Keeping RabbitMQ connections alive in PHP

Leo
Mollie
Published in
7 min readNov 16, 2018

--

We have made use of Beanstalk’s services for all of our queueing needs for a few years due to its simple and quick nature. However, as the traffic Mollie handles is continuously increasing, we were recently forced to look into more comprehensive queueing technologies. Eventually we decided to replace Beanstalk with the more feature-complete and highly-available RabbitMQ.

Illustration by Sven Franzen

The refactor from Beanstalk to RabbitMQ started out without major problems. Though we managed to successfully migrate most of our Beanstalk queues to RabbitMQ without any issues, things became problematic when we began converting our payment export daemon.

The payment export daemon

We offer our merchants exports of their transaction information of a given period for their accounting software, which can be downloaded via the Mollie dashboard. The dashboard requests the export via our internal API, which subsequently queues the request in a RabbitMQ queue.

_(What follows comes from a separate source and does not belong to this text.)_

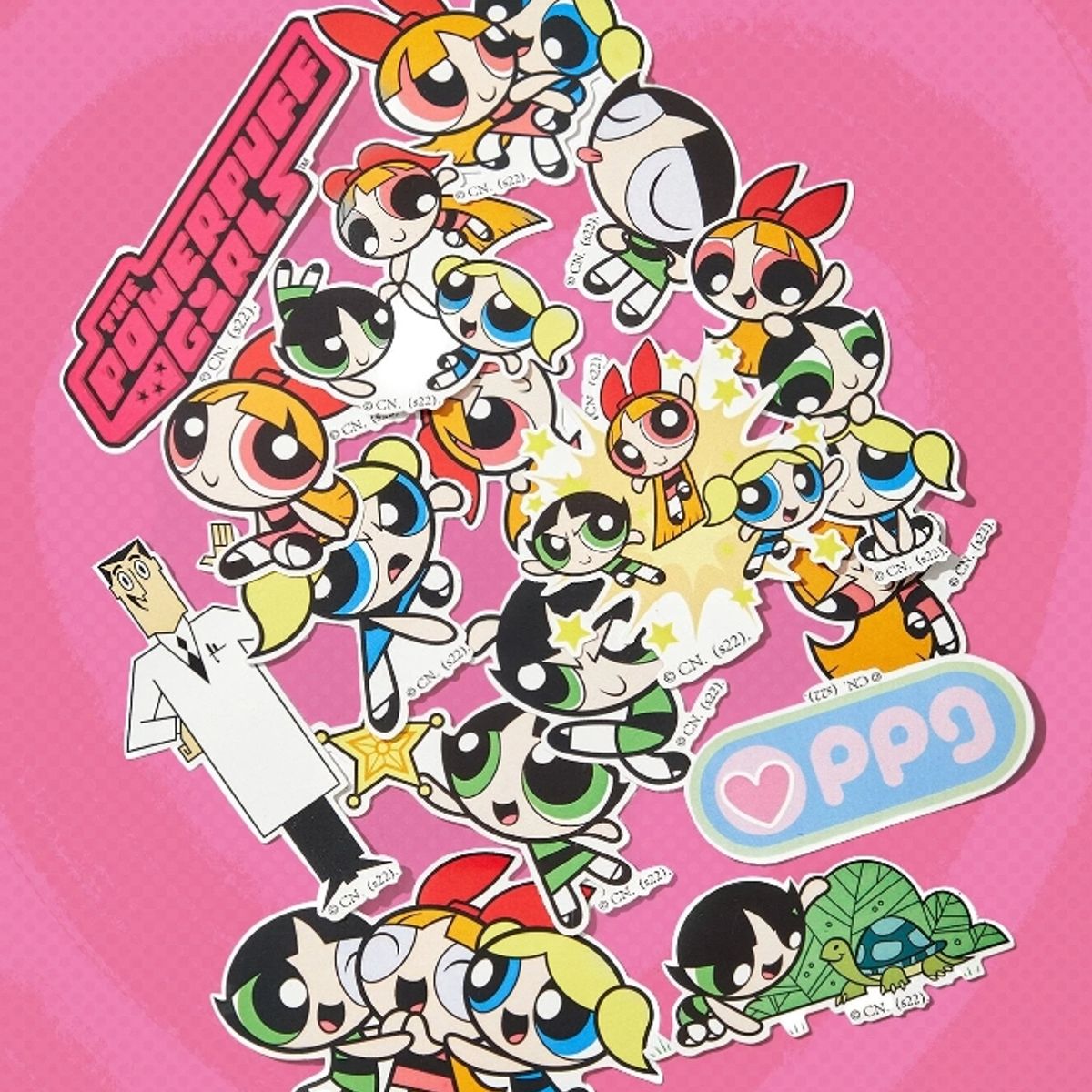 GENERICO - Stickers con patrón de dibujos animados superpoder 10 unidades al azar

Our PHP-based payment export daemon sleeps in the background, waiting to consume messages on the other end of the RabbitMQ queue. Once it receives a message, the daemon immediately picks up the download request and starts generating the export files.

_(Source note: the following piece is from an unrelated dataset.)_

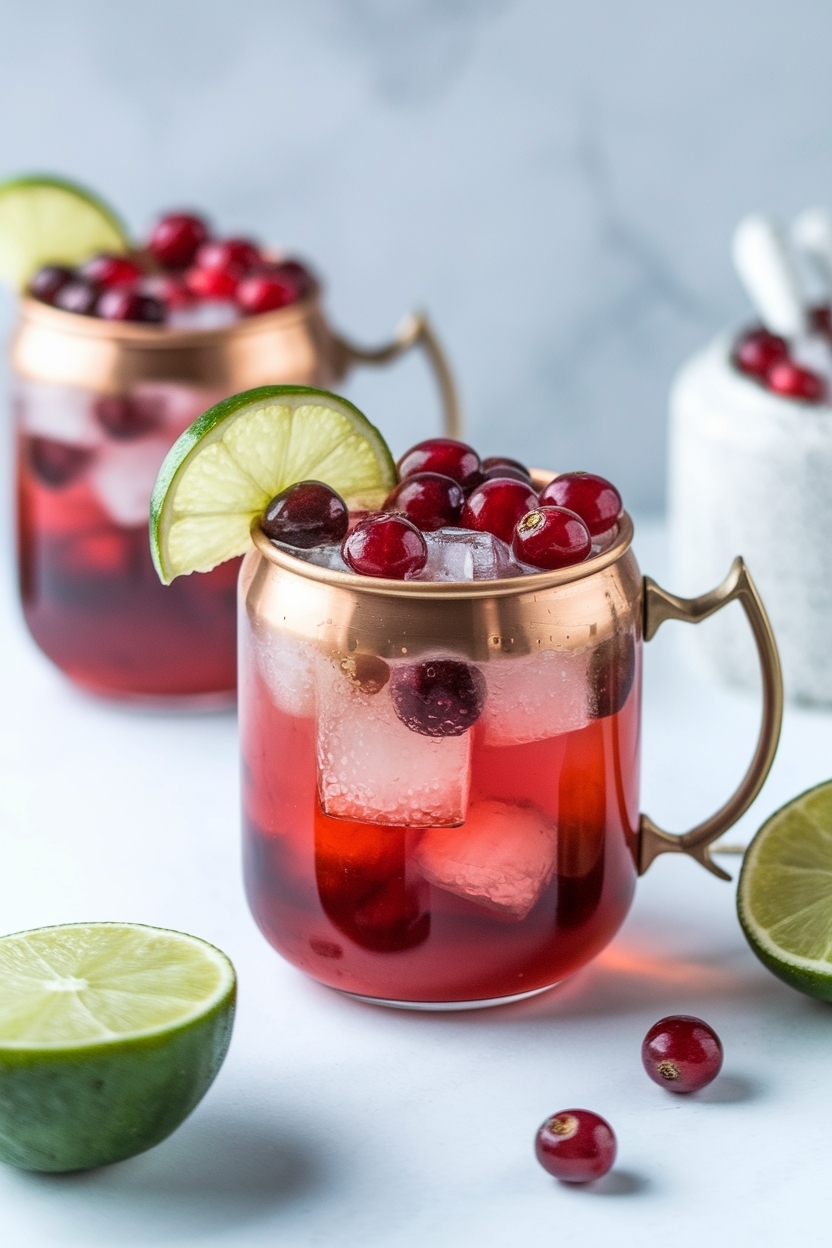 cranberry mule with ginger beer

A single export file can contain anywhere from a couple of payments to hundreds of thousands in the case of our bigger merchants. The export process is quite simple: look up the requested transactions and generate the files in the requested format.

The daemon uses the php-amqp library to set up the connection. Heavily simplified, the PHP setup would look as follows:

$connection = new AMQPStreamConnection(HOST, PORT, USER, PASS, ...);
$channel = $connection->channel();
$channel->queue_declare($queue, false, true, false, false);$channel->basic_consume($queue, $consumerTag, false, false, false, false, 'export_payments');function export_payments(AMQPMessage $message): void
{
// Create the export.
}
while (count($channel->callbacks)) {
$channel->wait();
}

After setting up the connection and declaring the queue, the daemon waits for messages. As soon as a message is received, the library calls the function we have defined as the callback — in this case export_payments() .

Seemingly random ‘invalid frame type’ exceptions

Soon after migrating the payment export daemon from using Beanstalk to RabbitMQ, we noticed that the daemon started crashing intermittently, with the AMQP library php-amqp we used to connect to RabbitMQ issuing a vague ‘invalid frame type’ exception.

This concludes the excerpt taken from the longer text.